■ **Data extract**
__________________________________________________

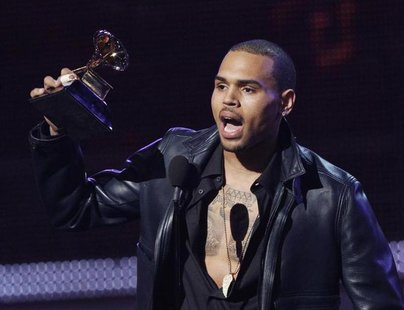 Chris Brown accepts the award for best R&B album for "F.A.M.E." at the 54th annual Grammy Awards in Los Angeles, California, February 12, 20 Chris Brown accepts the award for best R&B album for "F.A.M.E." at the 54th annual Grammy Awards in Los Angeles, California, February 12, 20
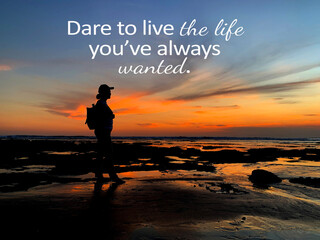 Inspirational quote - Dare to live the life you've always wanted. With silhouette of a adventurous young woman standing alone on the beach with a smile at sunset. Self motivation concept.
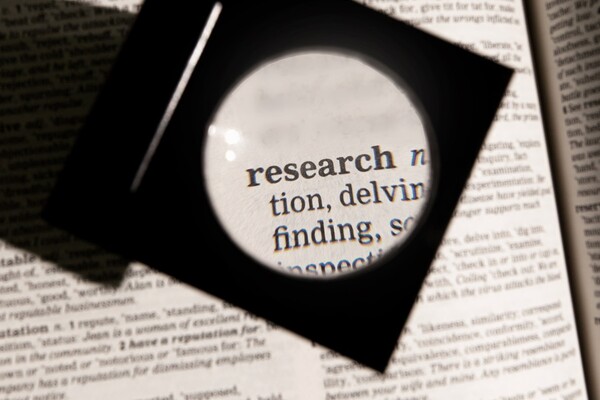 Magnifying glass over the word "research" on a dictionary page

__________________________________________________

Reproduce the lines above letter for letter. The pictures stay behind.

 Chris Brown accepts the award for best R&B album for "F.A.M.E." at the 54th annual Grammy Awards in Los Angeles, California, February 12, 20 Chris Brown accepts the award for best R&B album for "F.A.M.E." at the 54th annual Grammy Awards in Los Angeles, California, February 12, 20
 Inspirational quote - Dare to live the life you've always wanted. With silhouette of a adventurous young woman standing alone on the beach with a smile at sunset. Self motivation concept.
 Magnifying glass over the word "research" on a dictionary page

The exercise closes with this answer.